Revenons sur vos voyages dans le pays

Je suis donc venu la première fois il y a 22 ans pour rendre visite à mon frère Antoine. Un an plus tard, je suis revenu pendant cinq semaines avec une équipe de tournage, nous étions seulement trois pour réaliser un long métrage que j’ai tourné un peu partout dans le pays.

J’effectue depuis des voyages réguliers dans le Royaume, mais j’aimerais revenir plus souvent. En fait, ce que j’adorerais, c’est pouvoir avoir un mois complet afin de travailler avec l’école de cinéma de PSE.

« Je pourrais ainsi être plus disponible et tourner un court métrage qui serait écrit par les étudiants, parce que moi, je n’ai aucune légitimité pour écrire un court métrage qui se déroule au Cambodge. »

Ce serait l’aventure, je connais le Cambodge, mais je ne connais pas suffisamment les Cambodgiens.

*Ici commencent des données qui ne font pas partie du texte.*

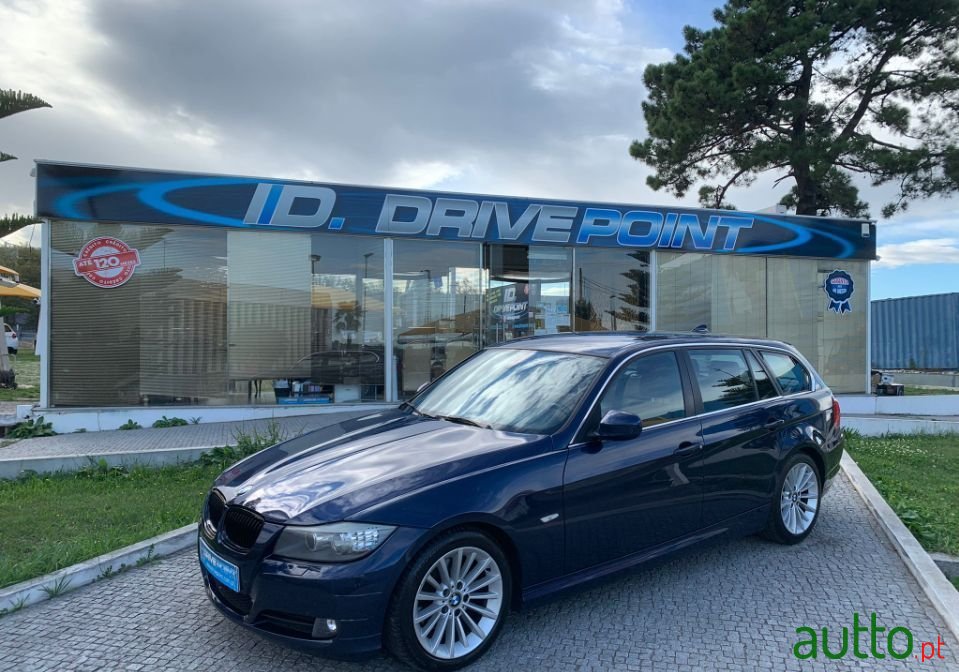 2011' BMW 320 photo #1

Idéalement, ce serait une histoire qui serait écrite par les étudiants, à propos de ce qui les concerne, sur je ne sais pas quel sujet, peu importe, mais pourvu que ce soit intéressant. Le principe serait de superviser le scénario, d’amener des suggestions, de les aider un peu sur l’écriture et ensuite de venir tourner le court métrage uniquement avec une équipe de PSE.

C’est cela qui leur manque, c’est d’avoir un « patron ». Un réalisateur intervient constamment en disant : « attends, on met la caméra là, on fait le plan, ce n’est pas bien, maintenant… »

Donc, il ne manque que vous ?

Oui, peut-être, mais cela nécessiterait pas mal de temps, car il faut effectuer des repérages avec les comédiens, faire un peu de casting, tourner, etc. Et après, il faut rester pour le montage, la post-production. Donc, en venant un mois, je pense que ce serait possible et je suis sûr que ce serait plutôt formateur pour de jeunes gens de travailler avec un réalisateur qui connaît son métier.

Même avant la fin des trois ans d’études, certains travaillent déjà pour la télévision…

Ce n’est pas tout fait pareil, car ils n’ont jamais travaillé sur un film de fiction. Il est vrai qu’au Cambodge, il n’y a pas beaucoup de films de fiction tournés par des Cambodgiens. Ce ne serait pas pour tourner un long métrage, car cela demanderait un investissement de temps plus considérable. Mais de tourner un court métrage, un film en langue khmère avec une histoire bien ficelée qu’on fignolerait, oui, je pense que c’est possible.

Et, la langue ne serait pas forcément un obstacle, car tu sens à l’oreille et à l’œil si les acteurs sont dans l'ambiance de la scène. Par exemple, sur un film que j’ai fait, il y avait un tas d’acteurs russes et je savais ce qu’ils disaient, mais je sentais si c’était juste ou pas, vraiment. Tu n’as pas forcément besoin de comprendre les mots.

Ce serait donc un beau projet, quelles chances de le réaliser ?

J’aimerais bien, car, en plus, parmi mes deux filles, il y en a une qui est devenue réalisatrice après avoir été scripte pendant très longtemps et la deuxième, Alice, qui a 39 ans, a été assistante déco de nombreuses années, maintenant elle est chef décoratrice et connaît bien le Cambodge et PSE.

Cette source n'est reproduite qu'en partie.